*Exercise instructions*: From the listing that follows, output everything exactly except the pictures.

*Entries supplied*:
────────

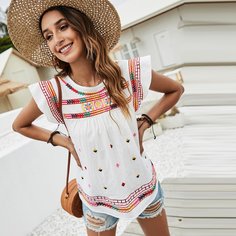 Блузка с геометрической вышивкой Shein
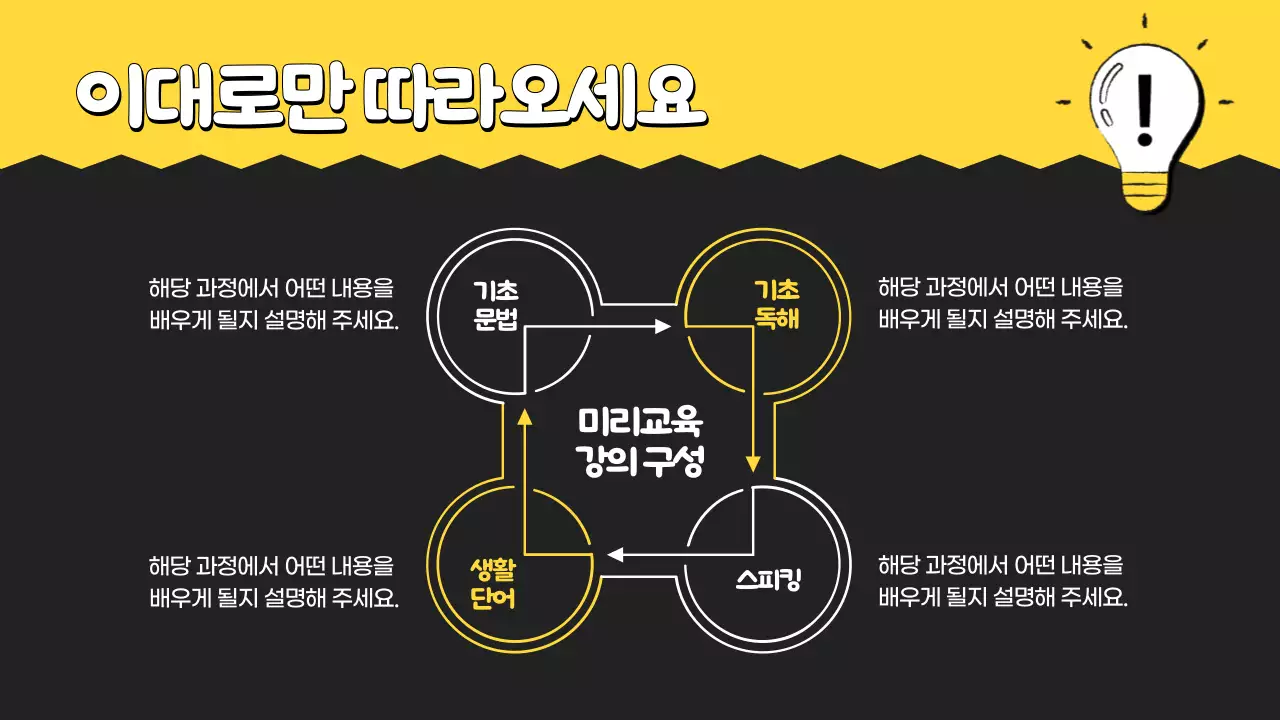 노랑과 검정의 모던한 학습 교육 안내서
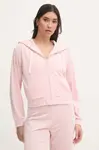 Pyžamová mikina Juicy Couture LIV RIB VELOUR HOODIE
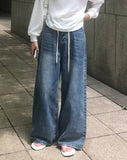 Fend Strap Wide Denim Pants
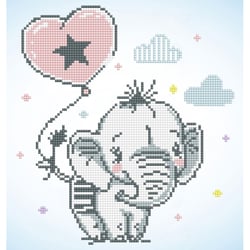Kit broderie diamant - Diamond Dotz - Diamond Dotz - Petit éléphant ballon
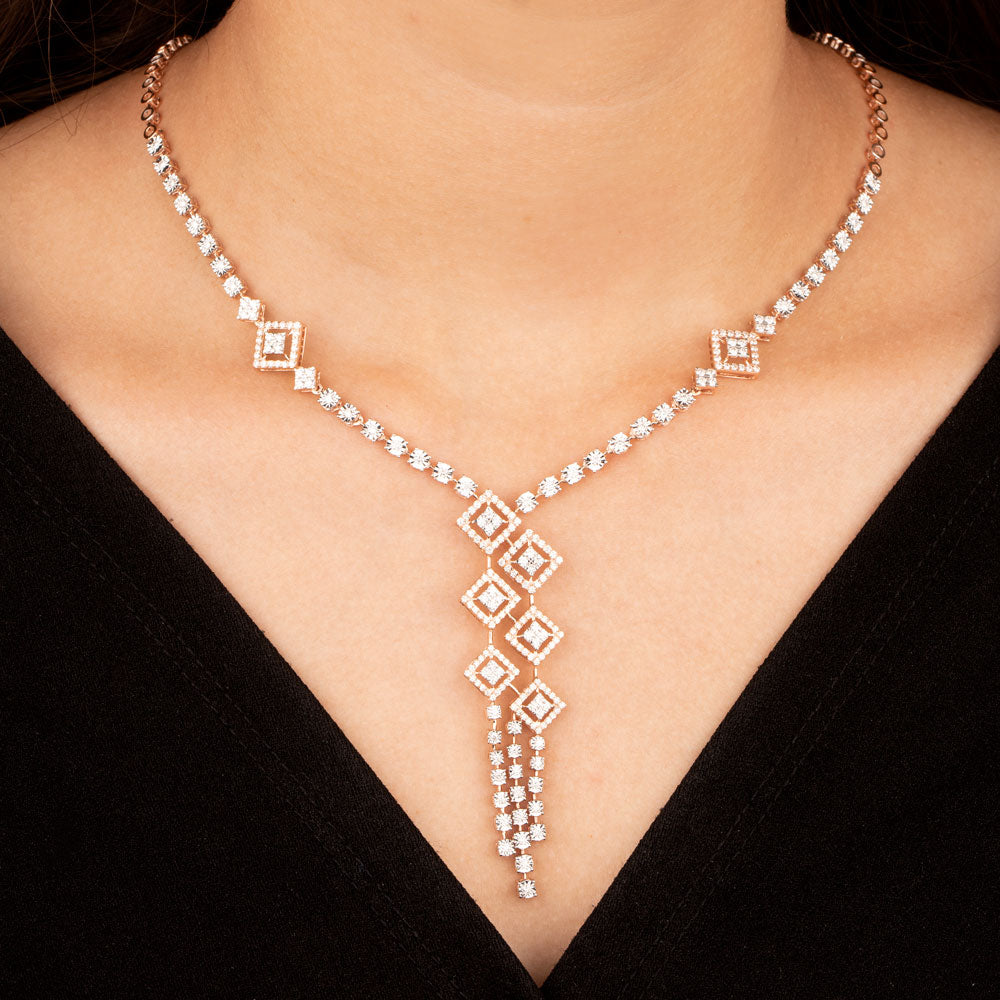 14K Rose Gold Diamond Necklace - 3.08ct VVS-VS-GH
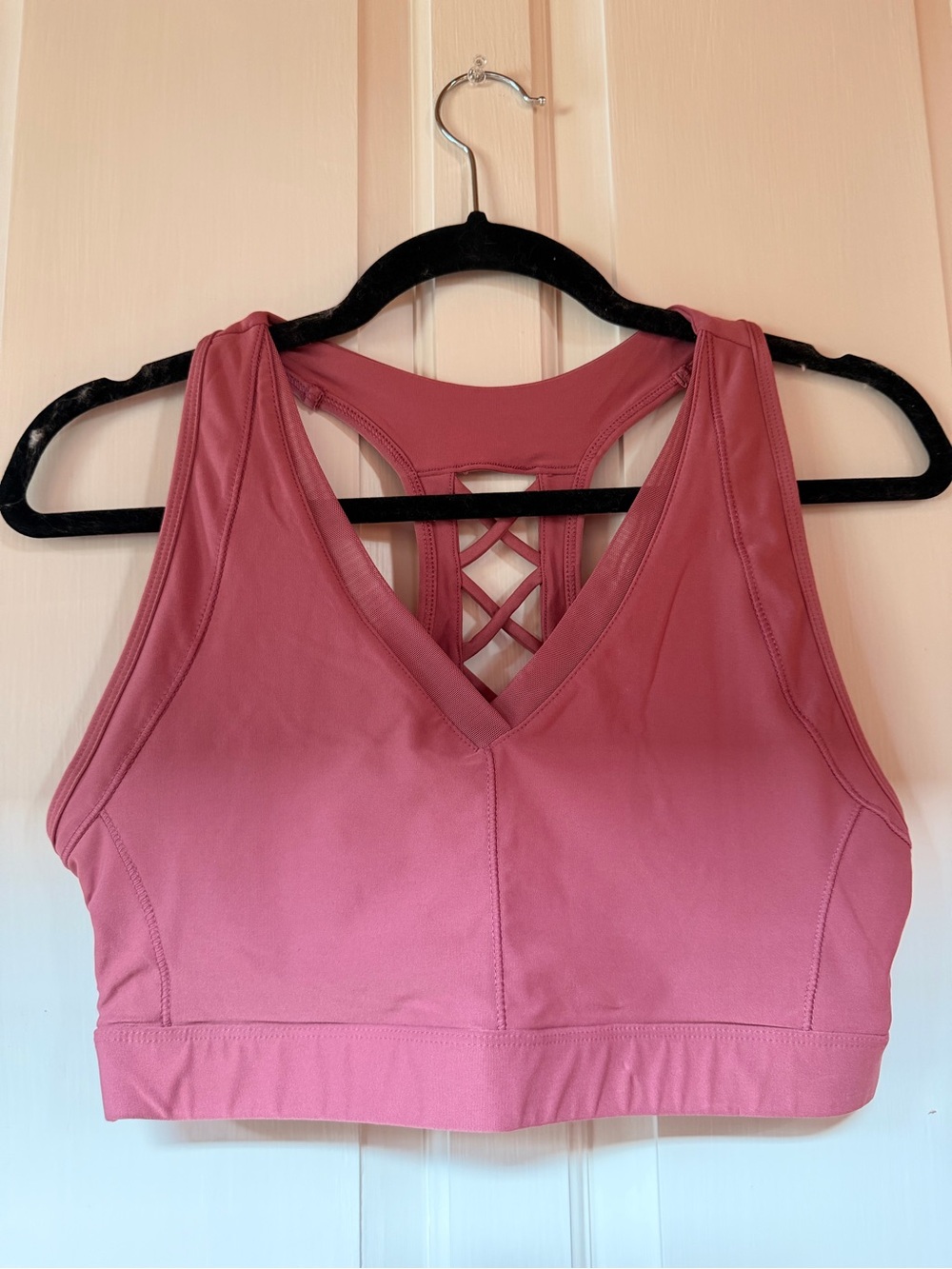 Avia Rose Pink V-Neck Sports Bra with Crisscross Back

────────

*Answer section*:
 Блузка с геометрической вышивкой Shein
 노랑과 검정의 모던한 학습 교육 안내서
 Pyžamová mikina Juicy Couture LIV RIB VELOUR HOODIE
 Fend Strap Wide Denim Pants
Kit broderie diamant - Diamond Dotz - Diamond Dotz - Petit éléphant ballon
 14K Rose Gold Diamond Necklace - 3.08ct VVS-VS-GH
 Avia Rose Pink V-Neck Sports Bra with Crisscross Back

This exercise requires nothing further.